My research has focused on understanding the deliberative point of view in practical reason to shed light on fundamental questions related to legal philosophy and private law theory. I am interested in how we think about what is valuable at the collective, political, and individual level, as well as how our collective and individual thinking shapes our desires about what is worth pursuing and what is good. I rely on the work of Elizabeth Anscombe, Aristotle, Aquinas, Wittgenstein, Plato, Murdoch, John Finnis, Joseph Raz, and Bernard Williams to better understand how we grasp the good and how we fail to engage with it. 

My monograph Responsibility for Negligence in Ethics and Law: Aspiration, Perspective and Civic Maturity (OUP, 2025) aims to  illuminate a number of puzzles about responsibility for negligence  in both ethics and law.

Negligent or inadvertent action in both law and ethics is a matter of agency. The pre-theoretical and philosophical views agree that we are responsible for things that we do intentionally, but it is less clear whether we are responsible for inadvertent or negligent actions. The law of negligence in tort law attributes responsibility for inadvertent acts, while in ethics there is deep and serious scepticism about the responsibility for negligent or inadvertent action. How can we be responsible for things that happen beyond the realm of our knowledge or control?

Positioned at the intersection of law and ethics, Responsibility for Negligence in Ethics and Law: Aspiration, Perspective and Civic Maturity responds to these fundamental questions by advancing the idea that the underpinning feature of negligent or inadvertent acts is the phenomenon of akrasia - the lack of integration of character and intelligent thinking. When we act akratically, we are acting contrary to our deliberated intention, due to an uneven development of character and thoughts about what is right, dutiful, and good. Using an Aristotelian-inspired model of deliberation, the book illustrates how legal decisions in negligence invite citizens to adopt a deliberative-aspirational perspective. This perspective encourages them to reshape, redescribe, and rethink their duties of care to meet the aspirational standard of the reasonable person. Consequently, the book argues that the purpose of negligence law is to promote values of citizen engagement and civic maturity.

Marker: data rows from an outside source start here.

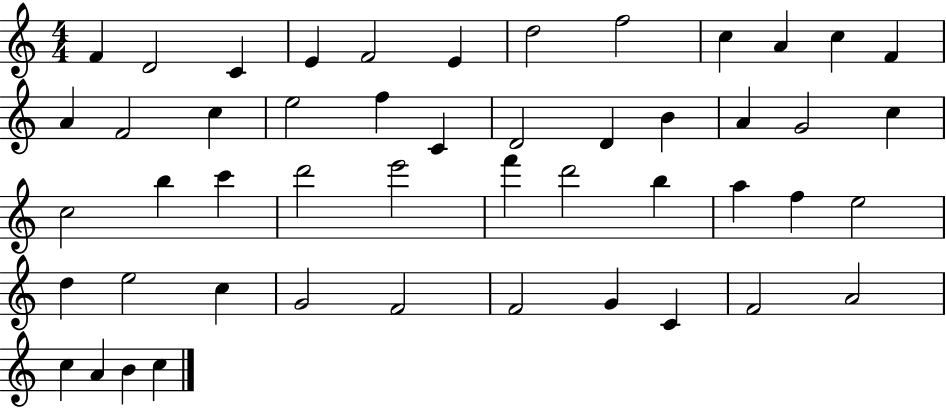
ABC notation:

X:1
T:Untitled
M:4/4
L:1/4
K:C
F D2 C E F2 E d2 f2 c A c F A F2 c e2 f C D2 D B A G2 c c2 b c' d'2 e'2 f' d'2 b a f e2 d e2 c G2 F2 F2 G C F2 A2 c A B c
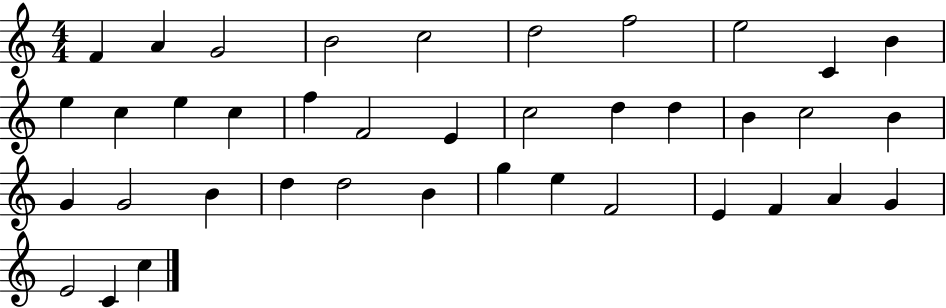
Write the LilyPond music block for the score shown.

{
  \clef treble
  \numericTimeSignature
  \time 4/4
  \key c \major
  f'4 a'4 g'2 | b'2 c''2 | d''2 f''2 | e''2 c'4 b'4 | \break e''4 c''4 e''4 c''4 | f''4 f'2 e'4 | c''2 d''4 d''4 | b'4 c''2 b'4 | \break g'4 g'2 b'4 | d''4 d''2 b'4 | g''4 e''4 f'2 | e'4 f'4 a'4 g'4 | \break e'2 c'4 c''4 | \bar "|."
}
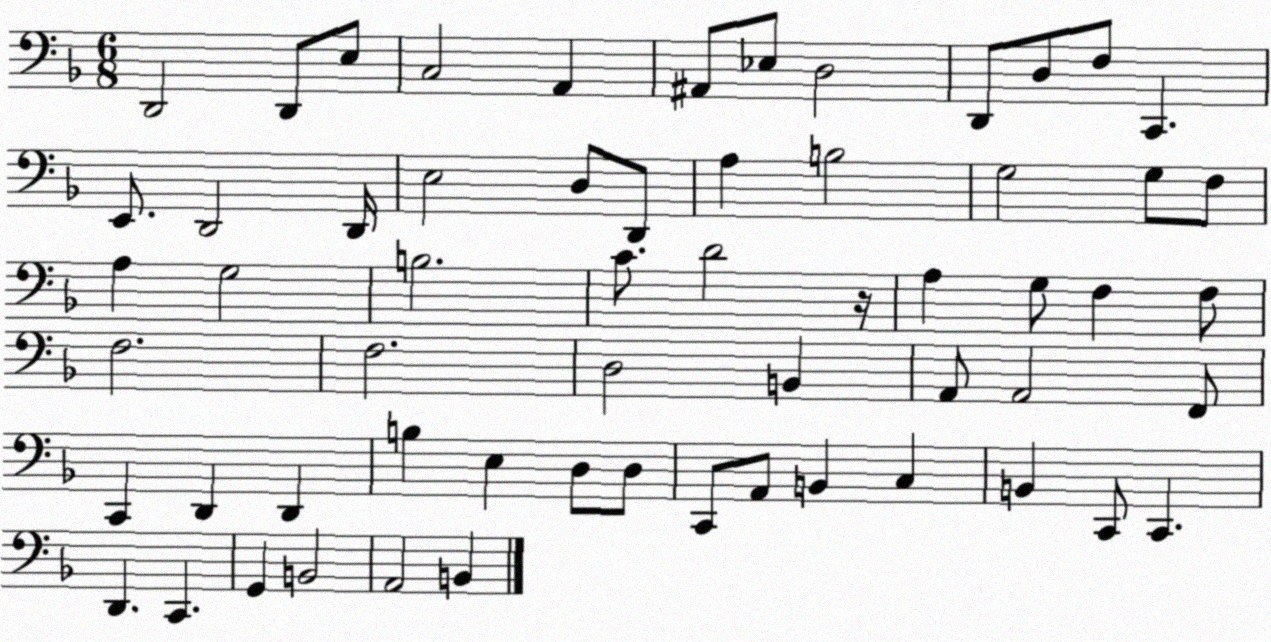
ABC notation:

X:1
T:Untitled
M:6/8
L:1/4
K:F
D,,2 D,,/2 E,/2 C,2 A,, ^A,,/2 _E,/2 D,2 D,,/2 D,/2 F,/2 C,, E,,/2 D,,2 D,,/4 E,2 D,/2 D,,/2 A, B,2 G,2 G,/2 F,/2 A, G,2 B,2 C/2 D2 z/4 A, G,/2 F, F,/2 F,2 F,2 D,2 B,, A,,/2 A,,2 F,,/2 C,, D,, D,, B, E, D,/2 D,/2 C,,/2 A,,/2 B,, C, B,, C,,/2 C,, D,, C,, G,, B,,2 A,,2 B,,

Combining tort law theory, Aristotelian conceptions of deliberation, and theories of practical rationality, responsibility, and action, this book invites us to rethink private law's purpose and methodology.

 I am also writing a monograph on the question of the good, and common good and its relationship to responsibility at legal, moral, and political levels (contracted by CUP). Finally, I am editing a volume on Bernard Williams’s legal philosophy and methodology (contracted by Hart).



I have published a book , which argues that the classical model of intentional action in terms of the ‘guise of the good’ model a) provides the framework for a sound understanding of the normative and authoritative character of law and b) gives the theoretical grounds to dissolve the paradox of legal authority. The title of the monograph is Law and Authority Under the Guise of the Good.  

My publications on meta-ethics and legal theory aim to advance a better understanding of the relationship between legal and moral objectivity. I am also interested in, and have written on, the methodological problems in legal theory, i.e.  the distinction between normative and descriptive jurisprudence, the nature of conceptual analysis,  the search for an adequate formulation of the idea of paradigm in law.